Ese niño es el Hijo eterno del Padre, por quien fueron hechas todas las cosas,
es la Sabiduría de Dios, es “luz verdadera que al venir a este mundo ilumina a
todo hombre”. Ese niño vino a elevar lo terreno a un nivel divino, que hace
entrar en este mundo la gloria sobrenatural de Dios. Unos Padres de la Iglesia
llegan a decir que Dios se hizo hombre,
para que el hombre se hiciera Dios.
En la simplicidad del pesebre de Belén (Lc 2,6), y luego en
las callejuelas de Nazaret, en los caminos de su tierra querida, era el mismo
Hijo de Dios el que se hacía presente,
era el Dios eterno que quiso manifestar su gloria en la sencillez y humildad de
nuestra vida.
Verdad básica de la fe cristiana es que Dios asumió nuestra
naturaleza humana, “acampó” entre nosotros (Jn 1,14), para comunicarnos su vida
divina y para darnos a conocer la intimidad del Padre. No permaneció, pues,
callado, encerrado en su misterio. Se nos ha manifestado en su palabra y en su
persona. Su verdad, su luz ilumina nuestro interior.
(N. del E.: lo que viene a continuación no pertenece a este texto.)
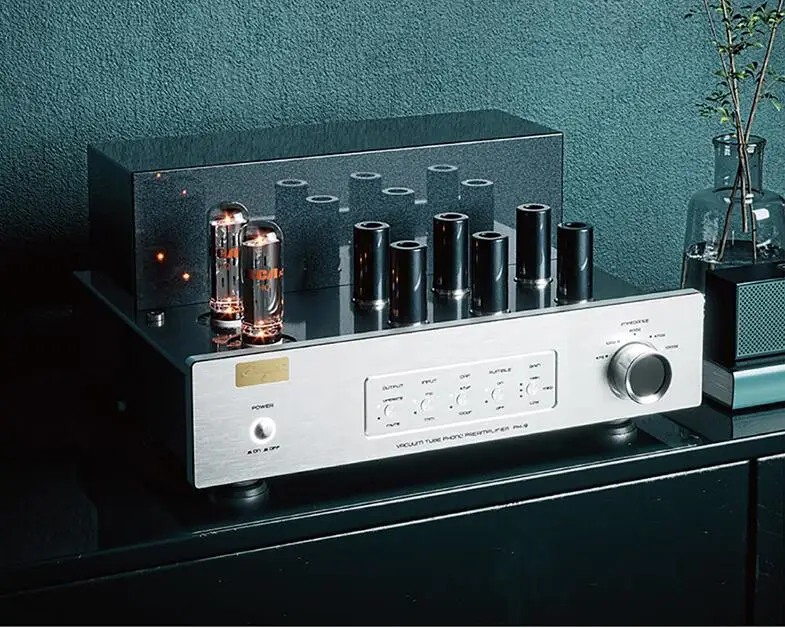 

Latest Cayin PH-9 HIFI vacuum tube phono amplifier MC gain three-speed adjustment supports MM/MC two groups of phono input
Yes uno de nosotros, de
nuestra propia “carne” humana. Esto es lo que celebramos en Navidad y nos llena
de alegría y da un nuevo sentido a nuestra existencia.
Todos necesitamos la sabiduría de Dios (Prov 2,6), la luz de
su Palabra para descubrir el sentido de nuestra vida. Su sabiduría, su palabra
nos ayuda a ver las cosas con los ojos de Dios, que es “luz de los que creen en
él” (Jn 8,12). Si no recibimos a Cristo como la Palabra definitiva de Dios, no
nos extrañemos del desconcierto y de la confusión espiritual que reinan en
nuestro mundo. Se puede seguir diciendo, como dijo Jesús de muchos de sus
contemporáneos, que “andan como ovejas sin pastor”.
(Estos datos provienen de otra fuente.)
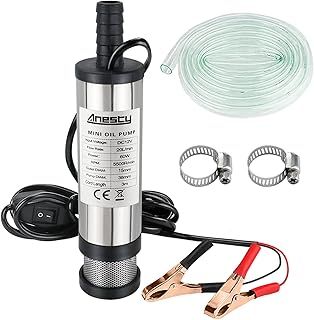 Anesty Water Pump 12V Diesel Fuel Pump, Small Oil Fuel Transfer Pump Submersible Water Pump with Clip, Removable Filter, 3M Power Cord and Hose (Φ 38mm)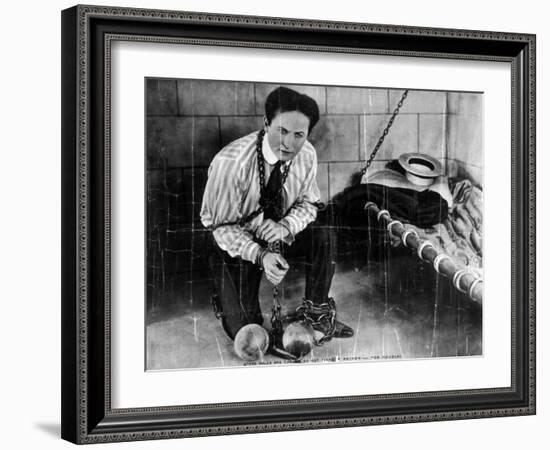 Harry Houdini About to Escape from Prison Photograph-Lantern Press-Framed Art Print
En su carta a los efesios, san Pablo pone de relieve que
Dios Padre “nos ha bendecido en Cristo con toda clase de bienes espirituales en
el cielo, y nos ha elegido en él, antes de la creación del mundo, para que
fuéramos santos e irreprochables en su presencia, por el amor”. Ante tan
espléndida generosidad de parte de Dios Padre, es natural que respondamos con
nuestra bendición a él: “Bendito sea Dios, el Padre de nuestro Señor
Jesucristo, que nos ha bendecido en Cristo…” La bendición descendente de Dios y
la ascendente de nuestra alabanza se encuentran en la persona de Cristo.
La mejor bendición que nos ha otorgado Dios es que “nos ha
destinado a ser sus hijos” (I Jn 1,3). San Pablo pide a Dios que conceda a sus
cristianos “espíritu de sabiduría y de revelación para que les permita
conocerlo verdaderamente”. Le pide asimismo que ilumine sus corazones para que
“puedan valorar la esperanza a la que han sido llamados, los tesoros de gloria
que encierra su herencia”.
San Juan termina el
prólogo de su evangelio diciendo: “Nadie ha visto jamás a Dios; el que
lo ha revelado es el Hijo único, que está en el seno del Padre” (Jn 1,18). Hay quien considera básica esta afirmación,
al igual que la anterior de que “la Palabra se hizo carne y habitó entre
nosotros”. Solamente Jesús nos ha contado cómo es Dios, cómo nos quiere, cómo
busca construir un mundo más humano para todos.